Özellikle Parti ve Devlet'in temel politikalarından biri olan komünlere düzenli polis göndermeyi canlı bir biçimde yansıtan film, idari birimlerin yeniden düzenlenmesi, sahte mallarla, kalitesiz mallarla, kirli gıdalarla mücadele, VNeID'in uygulanması gibi güncel sıcak olaylar bağlamında ele alınıyor. Bunlar, gerçeğe yakın ama ekrana taşınması kolay olmayan konular.
- Polis teşkilatında 10 yıl çalıştınız. Bu, rolünüzde size birçok avantaj sağlamış olmalı?
- Sektörde 10 yıllık deneyimim olduğu doğru, ancak bu deneyim ağırlıklı olarak ritüeller, kültür ve sahne sanatları alanlarında. Toplumsal polislik konusunda derin bir uzmanlığım yok ve tabandaki insanların yaşamlarıyla çok az doğrudan temasım var.

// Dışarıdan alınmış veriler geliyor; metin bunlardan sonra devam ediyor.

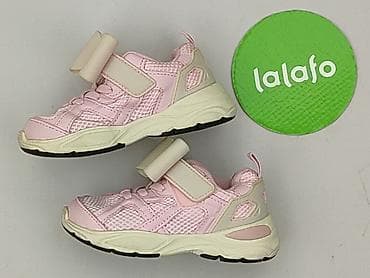 sneakersy sinsay: Trampki Zara, 22, Używany — 3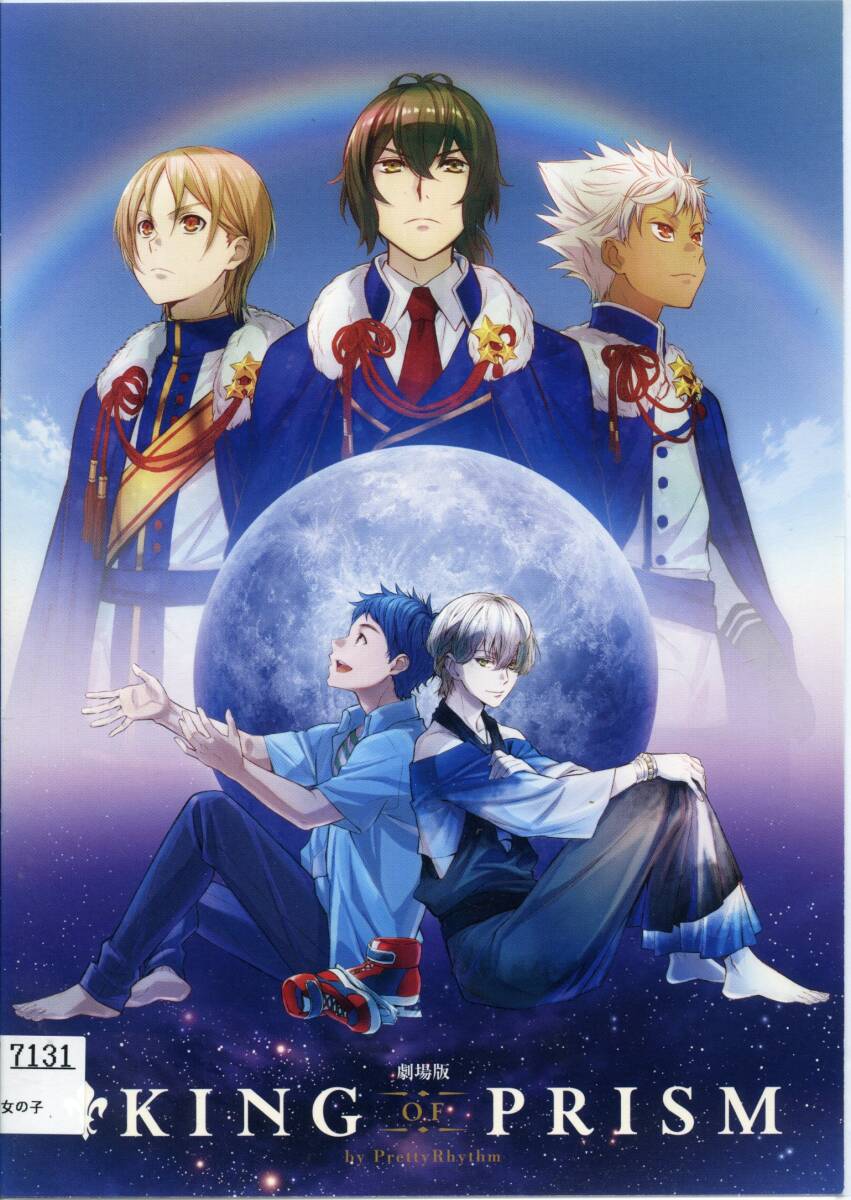 ★劇場版 KING OF PRISM by PrettyRhythm★(DVD・レンタル版)拍卖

Huy rolünü oynadığımda, tabandaki polis gücünün zorluklarını, sıkıntılarını ve baskılarını gerçekten anladım. Onlar, halka en yakın kişiler; tüm günlük sorunları çözmek ve kanunu hem makul hem de duygusal bir şekilde uygulamak zorundalar. "Seninle orada barış var", izleyicinin onların sessiz ama zorlu çalışmalarına daha net bir bakış açısı kazanmasına yardımcı olacak.
- Peki bir komün polis memuruna dönüşmek sizin için gerçekten bir zorluk mu?
- Birçok zorlukla karşılaştım. Bir komün polis memurunun insanlarla, meslektaşlarıyla veya yerel yetkililerle nasıl konuştuğuna aşina değildim. Her şeyin en başından öğrenilmesi gerekiyordu. Neyse ki yönetmen, Meritorious Artist Danh Dung beni dikkatlice yönlendirdi ve özellikle polis teşkilatı, ifade etmem gereken nüansları ve dili yavaş yavaş kavramama yardımcı olarak büyük bir profesyonel destek sağladı. Ritmi yakaladıktan sonra her şey daha doğal hale geldi.
- Bu aynı zamanda VTV1'de yayınlanan bir politik dramadaki ilk başrolünüz mü?
- Evet, bu yüzden üzerimde büyük bir baskı vardı, öyle ki yarım ay boyunca ne yemek yiyebildim ne de uyuyabildim. Bu, şimdiye kadar oynadığım en zor rol. Polis memuru olmak zor, komün polis memuru olmak ise yoğun iş yükü ve bölgede istikrarı sağlamak için bunu ustalıkla idare etmek zorunda olmam nedeniyle daha da zor. Bu baskı, ekibin ve seyircinin güvenini boşa çıkarmamak için kendime her zaman iki kat daha fazla çalışmam gerektiğini hatırlatıyor.
- Film, ülkenin birçok önemli siyasi görev üstlendiği günümüzde geçiyor. Bu güncel olay unsurunun ne kadar çekici olduğunu düşünüyorsunuz?
- Bence bu büyük bir artı. Filmin hikâyesi gerçekçi ve Parti ile Devlet'in komünlere düzenli polis gönderme, idari birimleri yeniden düzenleme gibi temel politikalarını yansıttığında, izleyici bu yakınlığı ve güncelliği açıkça hissedecektir. Ancak, doğru şekilde yapılmadığında, sloganlara ve katılığa kapılmak kolaydır. "Seninle barış var"ın, izleyicinin duygusal ritmini kaybetmeden mesajı iletmek için yeterli olacak kadar basit ve nazik bir yaklaşım seçtiğine inanıyorum.
- Çekimler sırasında sizin için unutulmaz bir an oldu mu?
- Bu rolde çok sayıda dokunaklı sahne var, bu yüzden çekimler sırasında yırtık kıyafetler gibi nadir görülen birçok "kaza" yaşandı. Ama yine de bu rolü "çok mutlu" buldum çünkü kendimi karaktere tamamen kaptırabildim, toplumsal polis teşkilatına çok farklı bir bakış açısıyla bakabildim ve daha önce hiç oynamadığım bir türde kendimi zorladım.
- Oyuncu Tuan Tu'ya içten teşekkürler!